Amen ! amen ! comme dit le héraut Maréchal[6], répondit Oldbuck en changeant ses pantoufles contre une paire de forts souliers surmontés de guêtres de drap noir. Il n’interrompit la promenade que par un léger détour qui les conduisit à la tombe de John de Girnol, regardé comme le dernier bailli de l’abbaye qui eût demeuré à Monkbarns. Sur un monticule dont la pente agréable s’étendait doucement vers le midi, et d’où l’œil, après s’être arrêté sur deux ou trois riches enclos, pouvait saisir une vue éloignée de la mer et du Mussel-Craig, sous l’ombrage d’un vieux chêne, était une pierre couverte de mousse, posée en mémoire du défunt bailli. Elle portait une inscription dont, suivant M. Oldbuck (quoique beaucoup de gens en doutassent), les caractères effacés présentaient le sens suivant :

« Ci-gît le docte John Girnel,
La coque en bas, l’amande au ciel.
De son temps les poules des femmes
Pondaient en attisant leurs flammes ;
Et le bon homme à soixante ans
Était encor cher aux enfans.
Il divisait ses pots de bière
En cinq parts : quatre, disait-il,
Pour l’église ou bien pour la chaire,
Et la cinquième ou la dernière
Pour le minois le plus gentil. »

« Vous voyez, dit l’Antiquaire, à quel point l’auteur de cette inscription sépulcrale était modeste ; il se borne, je le répète, à nous dire que John faisait cinq parts de la mesure de bière, au lieu de quatre ; qu’il donnait la cinquième aux femmes ou au minois le plus gentil de la paroisse, et rendait compte des quatre autres à l’abbé et au chapitre ; que de son temps les poules des bonnes femmes pondaient toujours, et que le diable pouvait les remercier si elles mangeaient un cinquième des revenus de l’abbaye ; que le bonhomme ne manquait jamais d’enfans autour de son foyer, chose tout aussi étonnante que cette suite de miracles. Mais laissons là John de Girnel[7], et avançons-nous vers le bord des sables où la mer, semblable à un ennemi repoussé, abandonne maintenant le terrain où elle nous livrait bataille hier au soir. »
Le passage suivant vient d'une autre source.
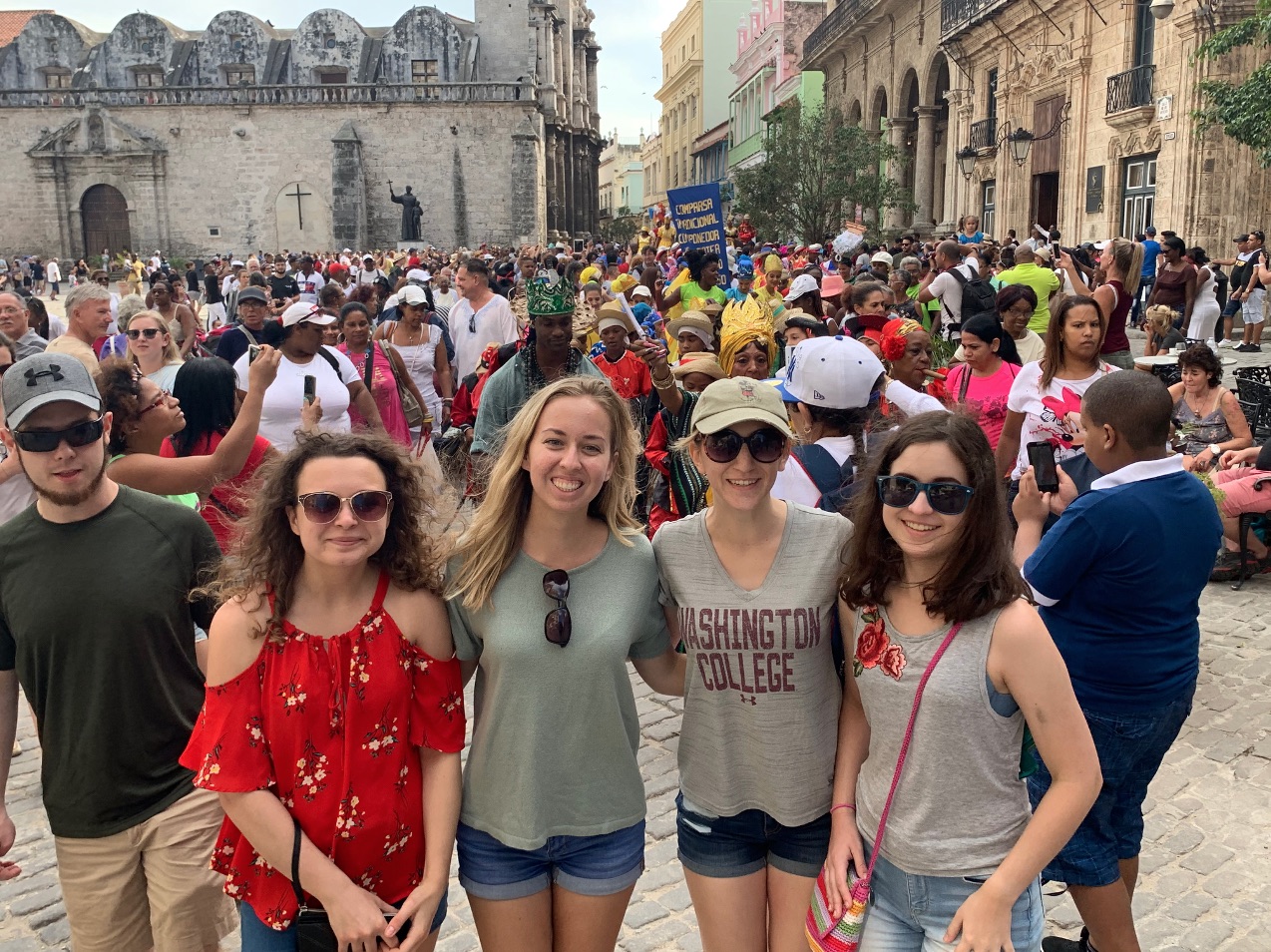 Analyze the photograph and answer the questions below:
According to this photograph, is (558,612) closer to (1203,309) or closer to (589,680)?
(589,680)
En parlant ainsi, il marchait du côté des sables. Il y avait sur les dunes qu’ils côtoyaient quatre ou cinq huttes habitées par des pêcheurs dont les bateaux étaient attachés sur la plage. Sous l’influence des rayons d’un soleil brûlant, une vapeur goudronneuse mêlait son odeur à celle qu’exhalaient des débris de poissons et autres immondices généralement amassées autour des chaumières écossaises. Au milieu de cette atmosphère infecte, dont elle ne paraissait pas s’apercevoir, une femme de moyen âge, et dont la figure semblait avoir défié mille tempêtes, raccommodait un filet à la porte d’une de ces chaumières. Sa tête était entourée d’un mouchoir ; et un habit qui avait autrefois appartenu à un homme, lui donnait un air masculin qu’augmentaient encore sa force, sa haute taille et la dureté de son organe. « Que faut-il aujourd’hui à Votre Honneur ? dit-elle ou plutôt cria-t-elle à Oldbuck : voulez-vous de la merluche ou des merlans, des plies ou des carrelets ?

— Combien la plie et le carrelet ? demanda l’Antiquaire.

— Quatre beaux schellings et demi[8], répondit la naïade.

— Quatre diables vous emportent ! s’écria l’Antiquaire ; croyez-vous que je sois fou, Maggie[9] ?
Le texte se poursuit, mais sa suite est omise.